*LISTED ENTRIES*:
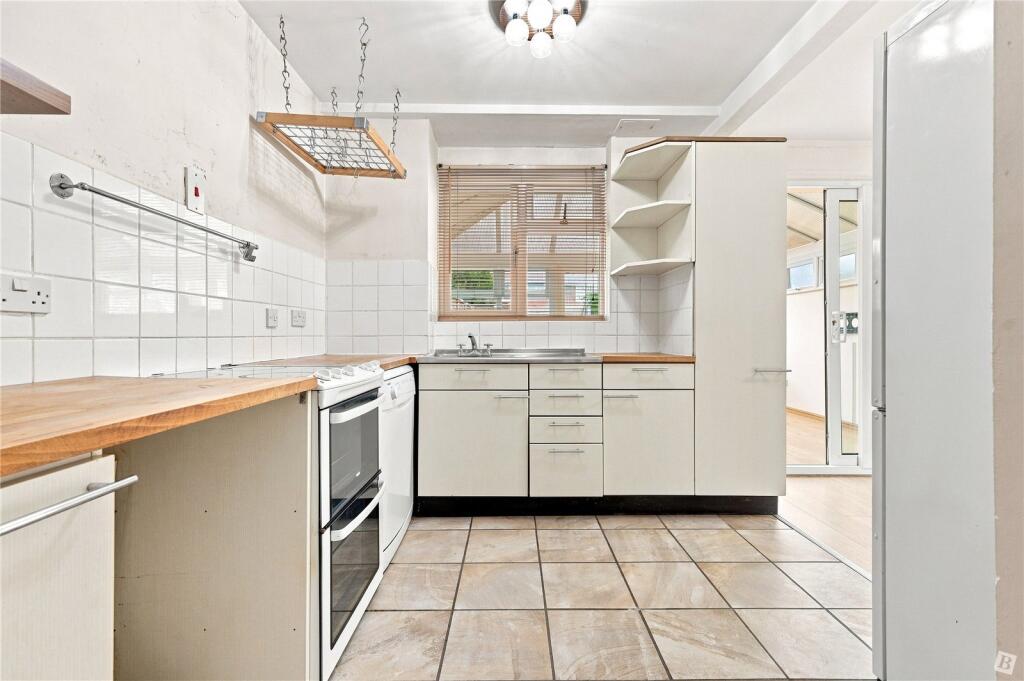 House in Chelmsford, South Woodham Ferrers - More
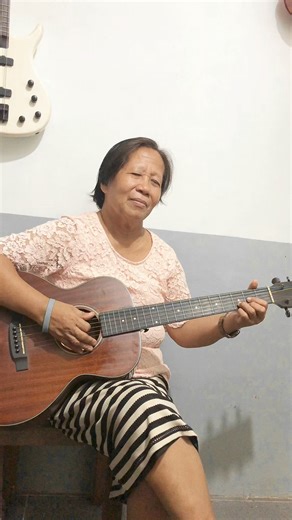 1.3M views · 10K reactions | Glory to His Name #reelsfypシ #reelsvideoシ #reelstrending #hymns #gospelchorus #instrumental | Mater Grace Varela Guitar | Facebook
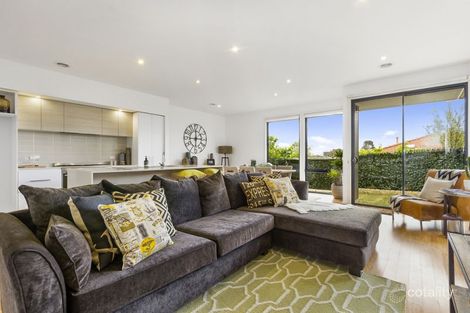 Property photo of 9 Burn Nar Look Drive Burwood VIC 3125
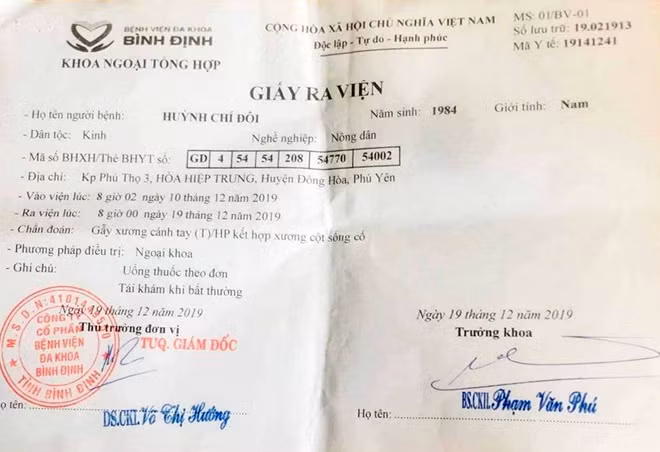 Giấy ra viện ngày 19-12 của nạn nhân Huỳnh Chí Đôi. Ảnh : Q.T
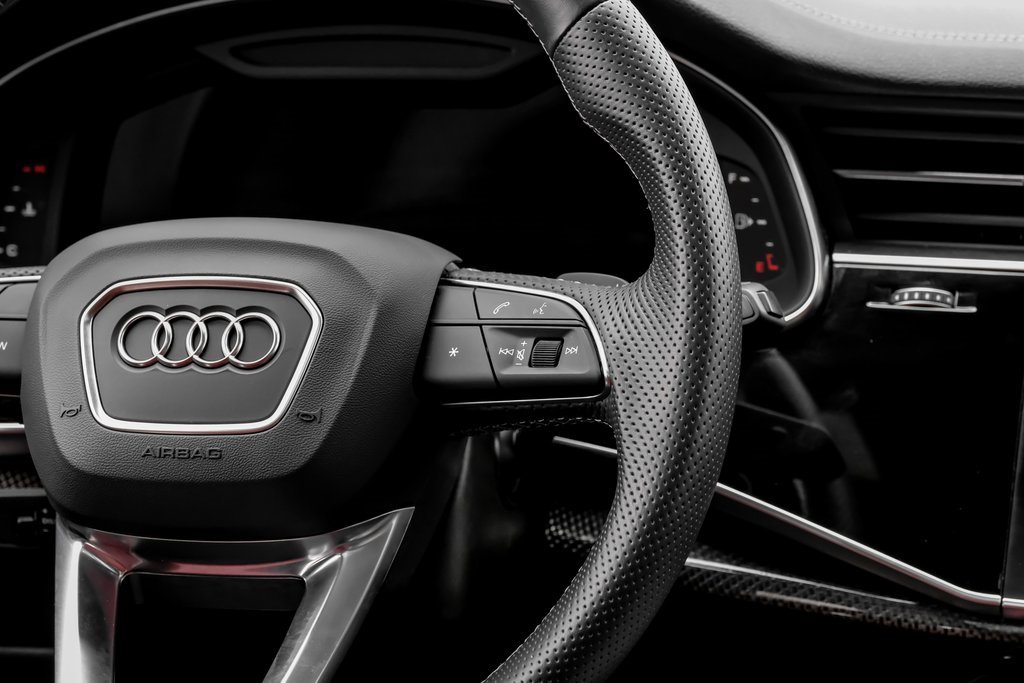 Used 2024 Audi SQ7 Prestige image 15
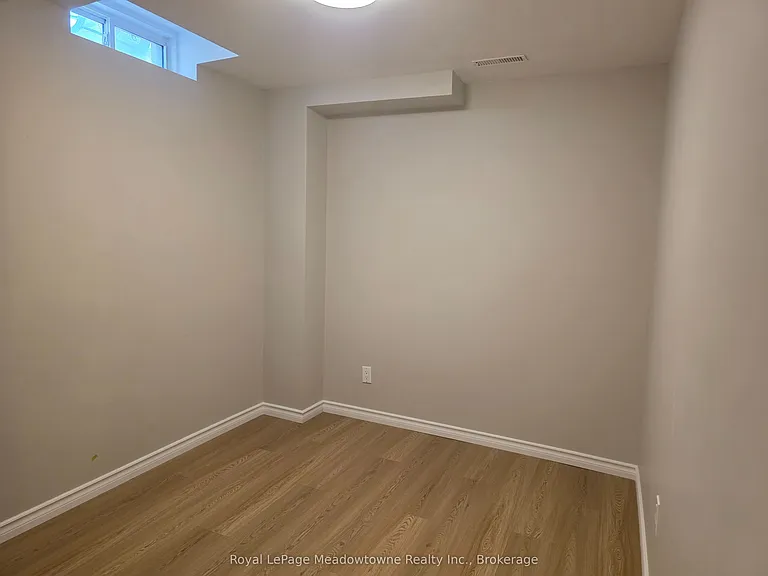 43 Dills Cres #BASEMENT — Photo 14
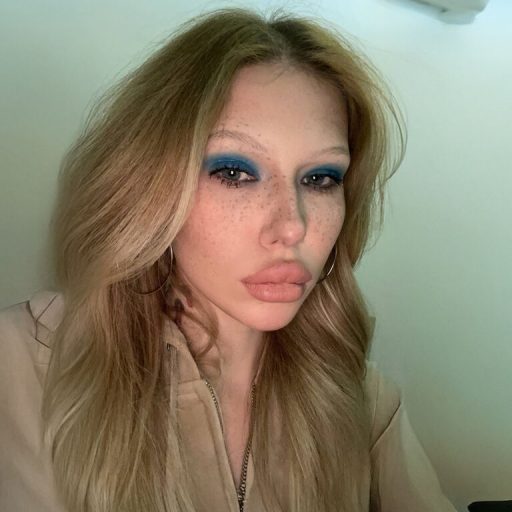 AlisaCrump livejasmin fuck image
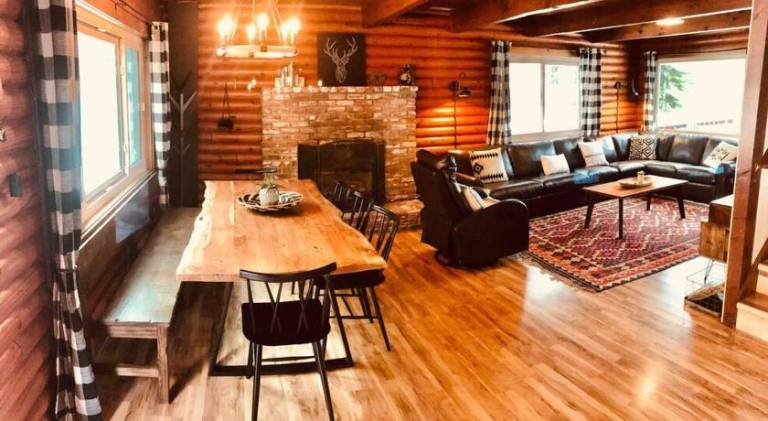Happy Cabin Near Snow and Lake with Hot Tub, Dogs OK in South Lake Tahoe, CA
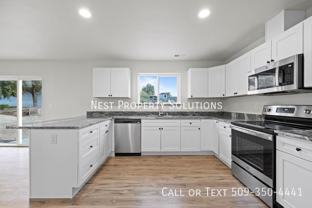 215 W 1st St #6 - Photo 1 of 1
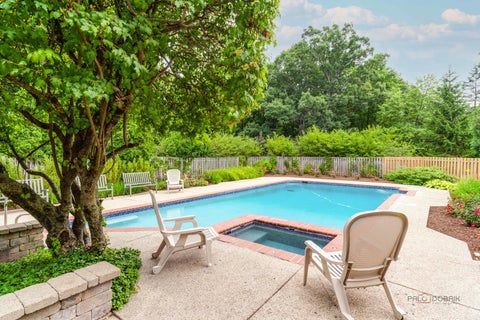 Tiny photo for 222 W Old Mill Road, Lake Forest, IL 60045 (MLS # 12725059)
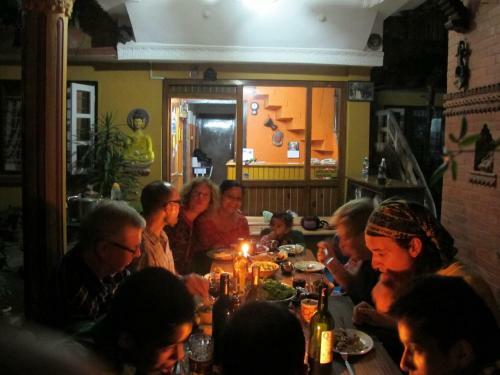 Hostal Souvenir Guest House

*ABOUT THIS TASK*:
Leave out every picture, and repeat word for word only the lines from the one holding "43 Dills Cres #BASEMENT — Photo 14" through the end of the entries above, both ends included.

*OUTPUT FOR THIS TASK*:
 43 Dills Cres #BASEMENT — Photo 14
 AlisaCrump livejasmin fuck image
Happy Cabin Near Snow and Lake with Hot Tub, Dogs OK in South Lake Tahoe, CA
 215 W 1st St #6 - Photo 1 of 1
 Tiny photo for 222 W Old Mill Road, Lake Forest, IL 60045 (MLS # 12725059)
 Hostal Souvenir Guest House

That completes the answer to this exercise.